Johnson’s best finish in INDYCAR was sixth place in the XPEL 375 at Texas Motor Speedway on March 20, but Saturday’s race was easily his most entertaining race in INDYCAR.
“The first half of the race, I had some lines working that nobody else had working yet,” Johnson said. “The spotters are awfully good here and cued up every driver I was catching and then I tried to find some new stuff. The last run, we went so far, I burned the right rear tire off the car. It was really a lot of fun today in the race.
“On the spin, I tried to run the painted line and as soon as I touched up, I thought, ‘Why did you do that?’ Luckily, I was able to bump start it once I got going on the front stretch. I was able to get the outside lane working, racing hard with the regulars out front, it was just a lot of fun.”
Having a car out front again was reminiscent of Johnson’s career in NASCAR, when he won 83 NASCAR Cup Series races and seven NASCAR Cup Series titles.
“It was a lot of fun to be out front again, but I was kind of pissed that I didn’t finish better,” Johnson said. “That’s the racer in me and that’s a great place to be, especially knowing that we get to do it again on Sunday.
“I learned a lot out there. I have a better idea what to do with the car over a long run. I was a little too aggressive on the setup and that is what burned up the tire.”
One of the most exciting parts of his race came in a fierce battle with Rinus VeeKay late in the race as the two drivers went wheel-to-wheel, on the high line without lifting.
“That was great,” Johnson said. “It was understanding how to be forceful in one of these cars without making contact. You take lines away from the other driver. I learned a lot from many guys, but the most fun I was racing VeeKay. He was trying to pinch off my angle for the corner on the outside and I was trying to mess him up in the corner and pinch off his angle.
“I learned some race craft that is specific to INDYCAR racing. With fenders, you just lean on somebody or use the bumper to get them out of the way, but without fenders, it’s a different style of racing.”
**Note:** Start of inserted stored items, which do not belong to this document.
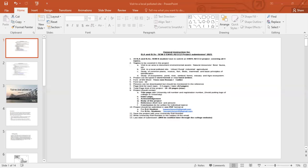Total page limit of the project is 16 to 20 pages maximum. The project should contain a title page with university roll number and registration number. The next page is the index page, then the acknowledgement page, then the body of the project. After that, the reference — both for text and pictures — then the conclusion, to be written for individual topics. After you prepare the project, you should submit it in one PDF format.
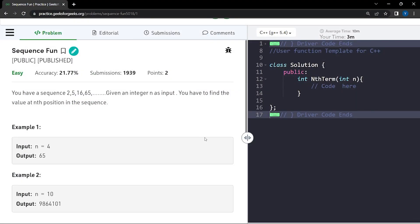In this video, we will discuss the problem 'sequence fun'. The problem says that we have a sequence that is 2, 5, 16, 65, and so on. We will be given the value of n as an input and we have to return the nth value of this particular sequence.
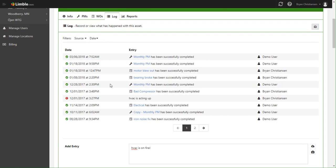everything that's happened on this asset, including all the PMs, work orders, work requests, any manual log entries, and a lot of great information. You can see who did it or who recorded the log, and then also what happened.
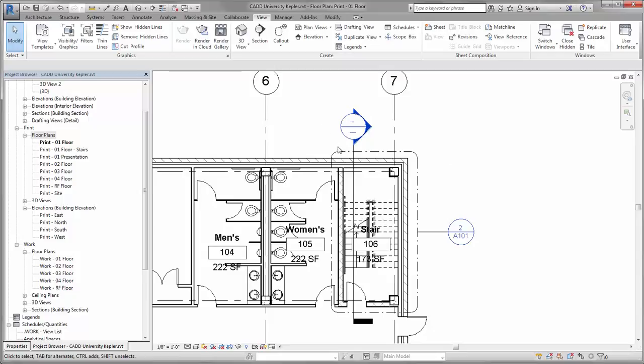These working views, as we call them, don't end up on sheets, but their callouts do appear in views that will be on those sheets. And any unreferenced tags can make it look like you haven't finished your documentation properly.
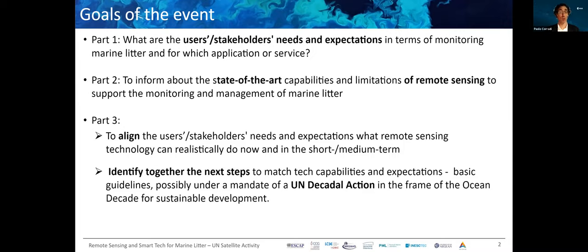We would like to define some basic guidelines — this should be seen as a seed of discussion for the months and years to come. Please contribute using the padlet link you received when you registered. The ultimate vision for this path, with your contribution today, is to work under a mandate of a United Nations decadal action within the framework of the Ocean Decade for Sustainable Development.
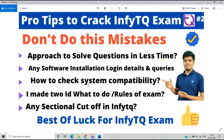To summarize this video: we discussed the approach to solve questions in less time, software installation, system compatibility check, the two-ID issue, and sectional cutoff. The next video will be the last part of pro tips for the NFTQ qualifier round, covering more queries. If you have any doubts, drop them in the comment section. Practice previous year questions from the blog link in the description and check resources on the Telegram group. Thanks for watching.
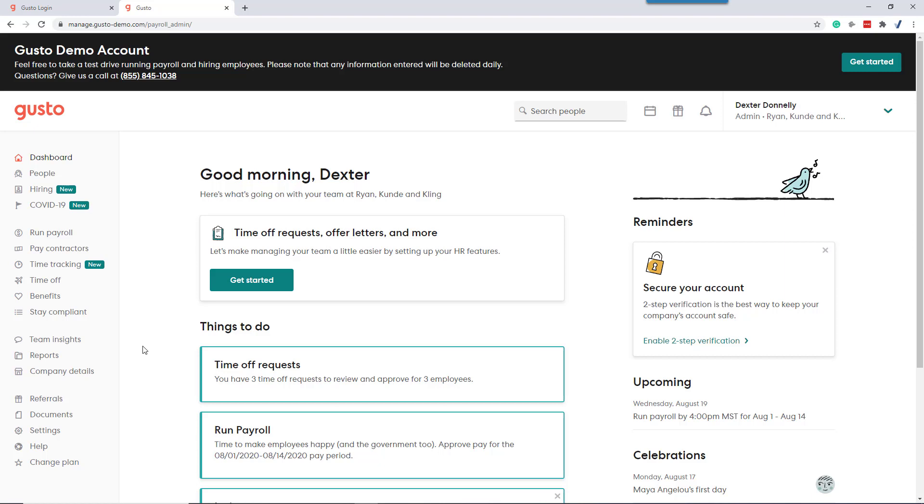Hi, this is Paul Carlson, CPA. In this video, we're looking at how to run payroll within Gusto for a firm that has both salaried and hourly employees.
VeeKay enjoyed his battle with one of NASCAR’s all-time greats. “It was fun battling Jimmie Johnson, he definitely knows what he is doing on an oval,” he said. “He was super comfortable on the high line, and I wasn’t at all. It shows his skill as a driver. Coming from a stock car to (open-wheel racing) on a street and road course is difficult.
“But this is his jam. This is what he is good at and what he has done all of his life. He was fast. I enjoyed racing with him.”
It’s obvious that Johnson’s expertise is in oval racing. He wishes there were more ovals on the NTT INDYCAR SERIES schedule.
“I’m definitely leaning that way now,” Johnson said.